**YOUR ASSIGNMENT:** Write out again, exactly as they stand, the line that includes "Tomi 6. Kiságy" and all remaining lines of the entries.

**MATERIAL FOR THE TASK:**
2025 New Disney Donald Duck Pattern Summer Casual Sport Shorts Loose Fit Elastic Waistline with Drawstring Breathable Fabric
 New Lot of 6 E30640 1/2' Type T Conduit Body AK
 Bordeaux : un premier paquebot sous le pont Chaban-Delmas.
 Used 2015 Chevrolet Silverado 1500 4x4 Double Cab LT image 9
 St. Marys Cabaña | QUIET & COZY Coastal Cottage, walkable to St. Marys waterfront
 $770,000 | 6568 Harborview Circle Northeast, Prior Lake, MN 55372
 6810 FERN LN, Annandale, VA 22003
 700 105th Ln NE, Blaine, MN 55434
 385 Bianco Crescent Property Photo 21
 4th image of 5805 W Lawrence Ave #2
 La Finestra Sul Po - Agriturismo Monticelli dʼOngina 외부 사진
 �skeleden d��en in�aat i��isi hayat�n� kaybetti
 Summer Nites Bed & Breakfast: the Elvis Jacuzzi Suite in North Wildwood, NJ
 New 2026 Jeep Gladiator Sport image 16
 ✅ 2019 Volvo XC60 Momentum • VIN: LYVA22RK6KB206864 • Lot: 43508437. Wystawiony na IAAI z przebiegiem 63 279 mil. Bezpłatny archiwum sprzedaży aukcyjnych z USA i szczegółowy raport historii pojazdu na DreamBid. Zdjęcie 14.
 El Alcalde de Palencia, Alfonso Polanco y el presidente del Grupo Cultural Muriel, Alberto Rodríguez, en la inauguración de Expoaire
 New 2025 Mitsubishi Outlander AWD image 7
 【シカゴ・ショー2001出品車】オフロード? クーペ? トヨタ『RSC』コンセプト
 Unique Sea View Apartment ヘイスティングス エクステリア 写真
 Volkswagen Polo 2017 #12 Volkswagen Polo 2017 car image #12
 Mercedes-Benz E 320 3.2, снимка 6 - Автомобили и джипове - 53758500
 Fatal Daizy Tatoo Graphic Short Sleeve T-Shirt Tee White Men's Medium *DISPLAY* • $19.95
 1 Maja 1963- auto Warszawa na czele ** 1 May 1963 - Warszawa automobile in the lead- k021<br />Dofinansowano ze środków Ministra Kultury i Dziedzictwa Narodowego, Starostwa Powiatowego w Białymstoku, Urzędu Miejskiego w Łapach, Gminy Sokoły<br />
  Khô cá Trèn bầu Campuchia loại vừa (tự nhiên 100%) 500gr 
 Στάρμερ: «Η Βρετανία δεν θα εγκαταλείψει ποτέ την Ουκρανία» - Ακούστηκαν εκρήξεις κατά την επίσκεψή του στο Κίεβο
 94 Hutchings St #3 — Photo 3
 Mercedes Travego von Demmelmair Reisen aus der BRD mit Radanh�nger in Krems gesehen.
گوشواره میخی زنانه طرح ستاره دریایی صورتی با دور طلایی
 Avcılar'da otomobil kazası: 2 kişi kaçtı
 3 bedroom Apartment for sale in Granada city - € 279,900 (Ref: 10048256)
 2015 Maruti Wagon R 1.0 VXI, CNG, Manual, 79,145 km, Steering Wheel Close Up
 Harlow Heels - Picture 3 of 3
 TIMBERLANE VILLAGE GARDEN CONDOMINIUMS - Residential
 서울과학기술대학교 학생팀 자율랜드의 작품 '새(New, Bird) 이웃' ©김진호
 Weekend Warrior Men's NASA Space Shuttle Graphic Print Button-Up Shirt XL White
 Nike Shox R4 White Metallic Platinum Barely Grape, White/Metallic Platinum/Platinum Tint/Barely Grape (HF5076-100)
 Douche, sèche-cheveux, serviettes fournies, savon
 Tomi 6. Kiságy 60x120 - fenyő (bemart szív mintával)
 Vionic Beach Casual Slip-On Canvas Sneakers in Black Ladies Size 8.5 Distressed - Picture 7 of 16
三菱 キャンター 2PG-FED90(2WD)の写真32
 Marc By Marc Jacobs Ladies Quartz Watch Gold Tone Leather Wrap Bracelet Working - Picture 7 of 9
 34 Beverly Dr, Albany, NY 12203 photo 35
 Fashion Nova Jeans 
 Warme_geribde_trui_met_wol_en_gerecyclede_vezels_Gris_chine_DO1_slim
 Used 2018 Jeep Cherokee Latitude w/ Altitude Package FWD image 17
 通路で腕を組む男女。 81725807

**YOUR RESPONSE:**
 Tomi 6. Kiságy 60x120 - fenyő (bemart szív mintával)
 Vionic Beach Casual Slip-On Canvas Sneakers in Black Ladies Size 8.5 Distressed - Picture 7 of 16
三菱 キャンター 2PG-FED90(2WD)の写真32
 Marc By Marc Jacobs Ladies Quartz Watch Gold Tone Leather Wrap Bracelet Working - Picture 7 of 9
 34 Beverly Dr, Albany, NY 12203 photo 35
 Fashion Nova Jeans 
 Warme_geribde_trui_met_wol_en_gerecyclede_vezels_Gris_chine_DO1_slim
 Used 2018 Jeep Cherokee Latitude w/ Altitude Package FWD image 17
 通路で腕を組む男女。 81725807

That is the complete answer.